* **WHAT TO WORK ON**
Collect every line in the records below that contains the word "Wall".

MATERIAL FOR THIS TASK section start

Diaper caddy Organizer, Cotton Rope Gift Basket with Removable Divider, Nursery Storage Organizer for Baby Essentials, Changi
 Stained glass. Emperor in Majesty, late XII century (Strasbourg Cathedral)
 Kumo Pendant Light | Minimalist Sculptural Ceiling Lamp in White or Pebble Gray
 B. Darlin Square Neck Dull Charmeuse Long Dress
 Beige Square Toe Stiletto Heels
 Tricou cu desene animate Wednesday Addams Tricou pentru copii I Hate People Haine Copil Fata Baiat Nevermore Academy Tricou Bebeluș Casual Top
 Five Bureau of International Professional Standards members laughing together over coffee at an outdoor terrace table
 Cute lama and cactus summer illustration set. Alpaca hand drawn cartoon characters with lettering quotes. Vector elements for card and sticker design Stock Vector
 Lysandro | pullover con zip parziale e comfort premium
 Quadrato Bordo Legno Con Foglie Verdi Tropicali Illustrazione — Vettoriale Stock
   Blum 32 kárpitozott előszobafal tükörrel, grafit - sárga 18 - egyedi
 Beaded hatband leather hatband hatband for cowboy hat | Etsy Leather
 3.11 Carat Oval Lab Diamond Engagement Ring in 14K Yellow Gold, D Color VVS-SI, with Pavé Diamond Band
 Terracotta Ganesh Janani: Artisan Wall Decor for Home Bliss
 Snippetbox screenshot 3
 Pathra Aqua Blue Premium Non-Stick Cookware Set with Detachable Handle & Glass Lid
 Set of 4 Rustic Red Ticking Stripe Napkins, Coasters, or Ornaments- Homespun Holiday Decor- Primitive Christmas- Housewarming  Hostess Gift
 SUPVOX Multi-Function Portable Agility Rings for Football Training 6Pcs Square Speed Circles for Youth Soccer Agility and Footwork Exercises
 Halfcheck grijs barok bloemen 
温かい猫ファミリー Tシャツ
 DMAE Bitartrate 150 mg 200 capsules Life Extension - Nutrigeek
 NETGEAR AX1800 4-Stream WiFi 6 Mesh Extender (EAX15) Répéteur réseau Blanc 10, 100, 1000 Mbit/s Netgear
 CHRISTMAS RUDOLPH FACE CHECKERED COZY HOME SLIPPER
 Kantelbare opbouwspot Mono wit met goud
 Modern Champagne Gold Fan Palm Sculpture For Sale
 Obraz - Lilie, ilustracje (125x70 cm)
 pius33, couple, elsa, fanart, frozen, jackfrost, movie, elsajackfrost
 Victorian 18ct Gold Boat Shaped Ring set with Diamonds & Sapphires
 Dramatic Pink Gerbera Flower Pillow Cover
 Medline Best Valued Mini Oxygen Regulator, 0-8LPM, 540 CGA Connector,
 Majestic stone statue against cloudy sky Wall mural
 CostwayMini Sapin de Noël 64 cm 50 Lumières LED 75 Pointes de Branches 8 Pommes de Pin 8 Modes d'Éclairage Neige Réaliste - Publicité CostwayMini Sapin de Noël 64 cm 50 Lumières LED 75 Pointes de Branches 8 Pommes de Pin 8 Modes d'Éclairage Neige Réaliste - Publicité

MATERIAL FOR THIS TASK section end

* **WRITTEN SOLUTION**
 Terracotta Ganesh Janani: Artisan Wall Decor for Home Bliss
 Majestic stone statue against cloudy sky Wall mural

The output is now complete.